Mr Phillip Overmyer, chief executive of the Singapore International Chamber of Commerce, said a major concern would be whether the ruling party and the opposition will find common ground on the BN's bumiputera policy - a legalised system of preferences for ethnic Malays.
In the longer term, companies are largely confident that the effects of this election will be positive. But others are more cautious. Mr Steven Tang, marketing and purchasing director for Nico Steel Solutions, foresees that 'it might become more difficult for any policies to be passed as the opposition is growing stronger'. Why more difficult for any policies to be passed due to the opposition? Have previous policies passed been so much in your favour, Mr. Tang, that now you are afraid that it is time to reel in the profit numbers which may have been obscenely obtained at the expense of the people in general?
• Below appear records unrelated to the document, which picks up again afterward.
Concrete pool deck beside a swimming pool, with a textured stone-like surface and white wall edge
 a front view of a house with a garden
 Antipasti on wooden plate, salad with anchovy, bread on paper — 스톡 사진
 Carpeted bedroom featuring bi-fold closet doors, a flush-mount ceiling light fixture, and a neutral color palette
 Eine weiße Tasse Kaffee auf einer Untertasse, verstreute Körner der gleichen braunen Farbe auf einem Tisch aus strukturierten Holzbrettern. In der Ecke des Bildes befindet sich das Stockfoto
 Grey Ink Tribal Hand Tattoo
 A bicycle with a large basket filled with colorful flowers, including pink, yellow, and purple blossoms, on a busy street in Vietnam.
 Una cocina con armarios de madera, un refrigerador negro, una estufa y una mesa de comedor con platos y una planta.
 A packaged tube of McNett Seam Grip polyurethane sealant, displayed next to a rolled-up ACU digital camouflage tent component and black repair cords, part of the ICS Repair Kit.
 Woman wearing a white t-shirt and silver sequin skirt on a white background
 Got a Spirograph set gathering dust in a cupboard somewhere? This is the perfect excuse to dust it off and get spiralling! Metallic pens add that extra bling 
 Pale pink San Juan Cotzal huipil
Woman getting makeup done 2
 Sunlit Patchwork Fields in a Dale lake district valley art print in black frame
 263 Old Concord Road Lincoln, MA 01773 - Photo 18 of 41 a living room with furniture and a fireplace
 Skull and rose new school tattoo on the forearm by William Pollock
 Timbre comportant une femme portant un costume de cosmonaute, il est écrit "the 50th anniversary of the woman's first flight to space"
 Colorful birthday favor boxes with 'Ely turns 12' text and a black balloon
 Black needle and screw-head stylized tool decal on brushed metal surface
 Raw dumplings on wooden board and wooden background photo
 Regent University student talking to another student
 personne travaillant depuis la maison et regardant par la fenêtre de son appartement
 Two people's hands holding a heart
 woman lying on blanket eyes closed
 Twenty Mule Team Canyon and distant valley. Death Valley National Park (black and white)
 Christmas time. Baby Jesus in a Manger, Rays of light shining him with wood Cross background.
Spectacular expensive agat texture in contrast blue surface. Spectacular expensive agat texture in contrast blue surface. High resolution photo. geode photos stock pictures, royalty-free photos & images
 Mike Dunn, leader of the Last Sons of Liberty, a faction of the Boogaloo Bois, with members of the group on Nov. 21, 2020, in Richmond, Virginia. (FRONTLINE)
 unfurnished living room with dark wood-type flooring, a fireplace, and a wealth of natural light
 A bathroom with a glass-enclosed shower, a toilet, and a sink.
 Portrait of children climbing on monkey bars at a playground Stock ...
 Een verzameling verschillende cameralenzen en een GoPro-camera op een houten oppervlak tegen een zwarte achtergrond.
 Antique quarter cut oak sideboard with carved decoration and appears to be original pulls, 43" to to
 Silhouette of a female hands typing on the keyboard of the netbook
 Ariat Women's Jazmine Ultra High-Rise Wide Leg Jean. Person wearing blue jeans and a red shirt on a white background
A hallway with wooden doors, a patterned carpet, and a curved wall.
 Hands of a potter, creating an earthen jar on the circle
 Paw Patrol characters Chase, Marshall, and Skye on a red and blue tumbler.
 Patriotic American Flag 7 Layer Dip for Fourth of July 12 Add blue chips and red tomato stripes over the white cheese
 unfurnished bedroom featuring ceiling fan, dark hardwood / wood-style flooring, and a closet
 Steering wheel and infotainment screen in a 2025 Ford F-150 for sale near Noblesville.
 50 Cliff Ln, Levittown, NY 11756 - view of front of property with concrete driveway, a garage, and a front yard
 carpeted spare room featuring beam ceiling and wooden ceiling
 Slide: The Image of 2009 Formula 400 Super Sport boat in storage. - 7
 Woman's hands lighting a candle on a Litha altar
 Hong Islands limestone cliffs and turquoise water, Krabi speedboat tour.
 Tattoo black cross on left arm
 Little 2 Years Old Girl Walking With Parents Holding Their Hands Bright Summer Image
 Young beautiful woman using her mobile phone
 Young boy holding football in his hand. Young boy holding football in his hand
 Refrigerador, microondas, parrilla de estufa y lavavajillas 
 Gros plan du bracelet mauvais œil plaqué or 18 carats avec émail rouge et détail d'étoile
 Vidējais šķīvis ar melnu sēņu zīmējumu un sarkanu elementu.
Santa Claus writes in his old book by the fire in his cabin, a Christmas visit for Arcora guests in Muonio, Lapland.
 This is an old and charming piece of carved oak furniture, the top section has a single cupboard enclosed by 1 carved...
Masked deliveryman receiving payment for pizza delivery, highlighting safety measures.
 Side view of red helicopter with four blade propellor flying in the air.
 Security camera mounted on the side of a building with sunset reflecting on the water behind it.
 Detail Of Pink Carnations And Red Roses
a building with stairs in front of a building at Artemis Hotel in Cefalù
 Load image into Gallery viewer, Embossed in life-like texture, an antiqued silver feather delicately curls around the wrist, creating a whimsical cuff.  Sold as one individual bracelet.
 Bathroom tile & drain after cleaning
Ahh ... it is so much easier to write on foreign politics rather then local politics ... there is lesser of an impending sense of doom that the PAP's gargantuan and well connected machinery will come down hard on me. And in commenting on Malaysian issues we do not suffer this sub-judice nonsense so prevalent in the South.
Of course now that some cases are post-judice everyone has forgotten about them .... NKF (and now Ren Ci?) ... SIA's Ms. Then vs uber rich socialite wife? Wherein lies the ethics and graciousness of our society when the high flyers demonstrate so clearly and irrevocably that the way to live life is to run everyone else down with either legal knowledge, power or money or a combination of all of the above? The SIA case would be a crime against human dignity if one were to apply United Nation standards and covenants ... I wonder what kind of punishment that begets?
Use your vote wisely. Every vote matters.